“…luscious beats that could pound through any dancefloor whether in an indie bar or a packed nightclub….”


The electronica trio from Liverpool have been enjoying plenty of airplay on 6music as well as plenty of endorsements from other musicians. Stealing Sheep straddle the line between folky indie and electronic pop with a sound similar to the likes of Metronomy and Ladytron. At their lighter moments they could sneak their way onto Radio 1 playlists while at their darker moments they tilt towards the experimental gloom of Fever Ray and The Knife, although not to such a substantial, artistic extent.

Joking Me features luscious beats that could pound through any dancefloor whether in an indie bar or a packed nightclub. The trio’s harmonies float over sliding synth and glistening percussion. Rather than hiding behind a few dozen keyboards and laptops, the inclusion of live guitars and drums gives their performances an added dimension and an altogether fuller sound…

Stealing Sheep play Broadcast in Glasgow on April 25.



Formed in Massachusetts in the 90s, Dropkick Murphys have been punting their Irish-American punk for a long time now. The mix of bagpipes, bodhrans, mandolins and accordions gives the band a distinctly celtic sound. Throw in some electric guitars, aggressive drums and husky vocals and the influence of the like of The Ramones, The Clash and Sex Pistols becomes clear. There are other inevitable influences such as The Pogues and Stiff Little Fingers that come with the territory of celtic punk.

I’m Shipping Up to Boston is probably their best-known song, thanks to its appearance in Martin Scorsese’s Boston-set blockbuster The Departed. Songs like The State of Massachusetts and Flannigan’s Ball tell modern folk tales through a maelstrom of distorted punk guitar noise.

Dropkick Murphys play the O2 Academy in Glasgow on April 22.



Fresh-faced but showing fierceness, Sam Fender is aiming to deliver something interesting and timely early on in his music career.
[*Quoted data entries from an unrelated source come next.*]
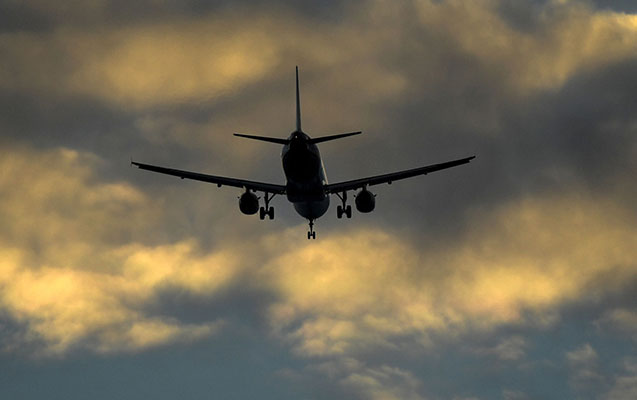 Rusiyanın iki aeroportunda uçuşlar DAYANDIRILDI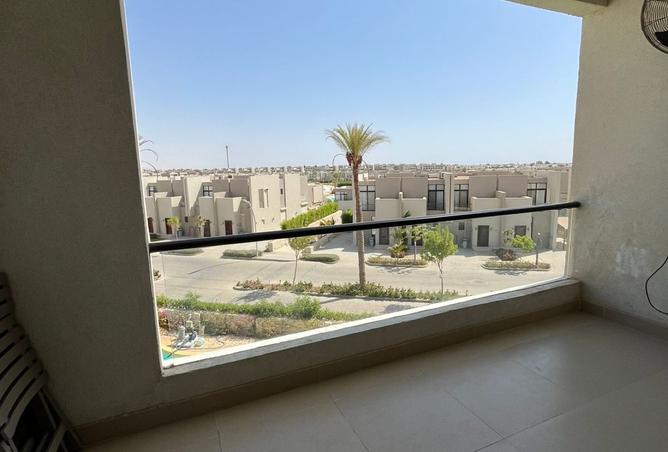 99392635 - Property Image 2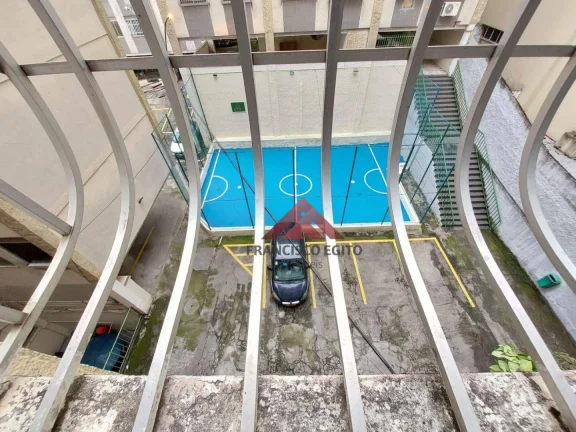 Imagem Apartamento com sala dois quartos,cozinha,area de serviço e a dependencia revertida para um terceiro quarto,colado ao super mercado Real,e próximo ao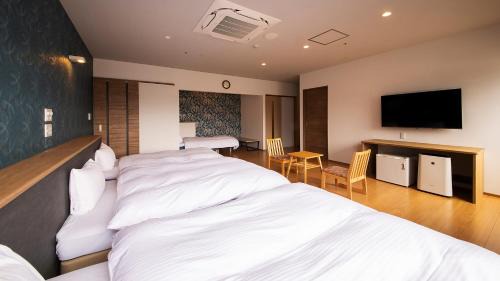 Hagi Hotel | Discover リゾートホテル美萩: Family-Friendly Escape with Hot Tub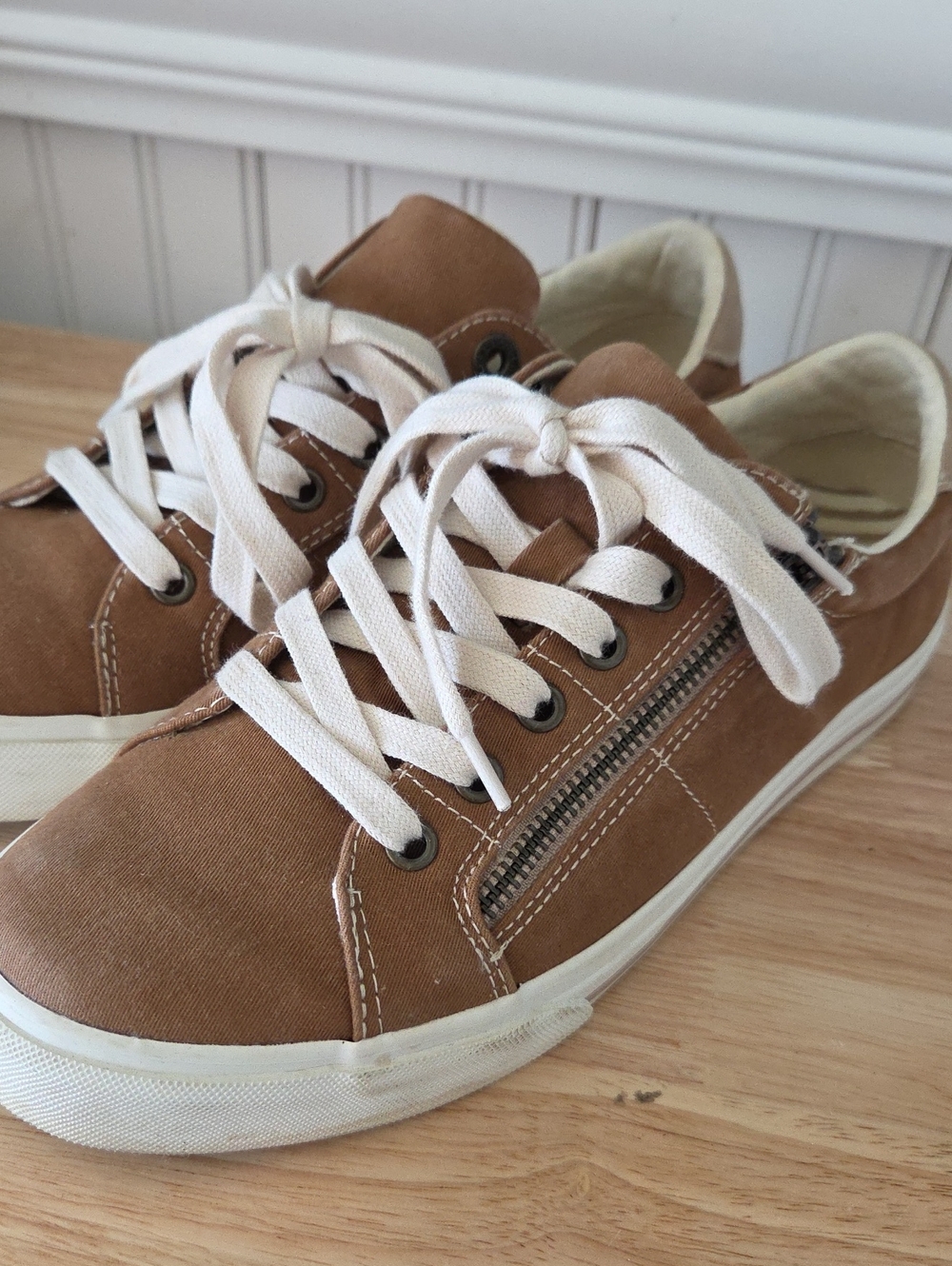 Taos Womens Z-Soul Sneakers 8.5w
His pop-rock sound is clearly already doing the business amongst mainstream critics, with Fender being named one of BBC’s Sound of 2018 artists alongside the likes of Sigrid and Scotland’s newest favourite son Lewis Capaldi. Songs like Dead Boys and That Sound have also seen him named BRITS Critic’s Choice winner for 2019. Although these awards are no guarantee of success, Sam will be looking to grasp the opportunity that is currently laying in front of him. If you are looking to catch a big name before they blow up into stardom, then Fender playing at Queen Margaret Union could be a good bet.

Sam Fender plays the QMU in Glasgow on May 3.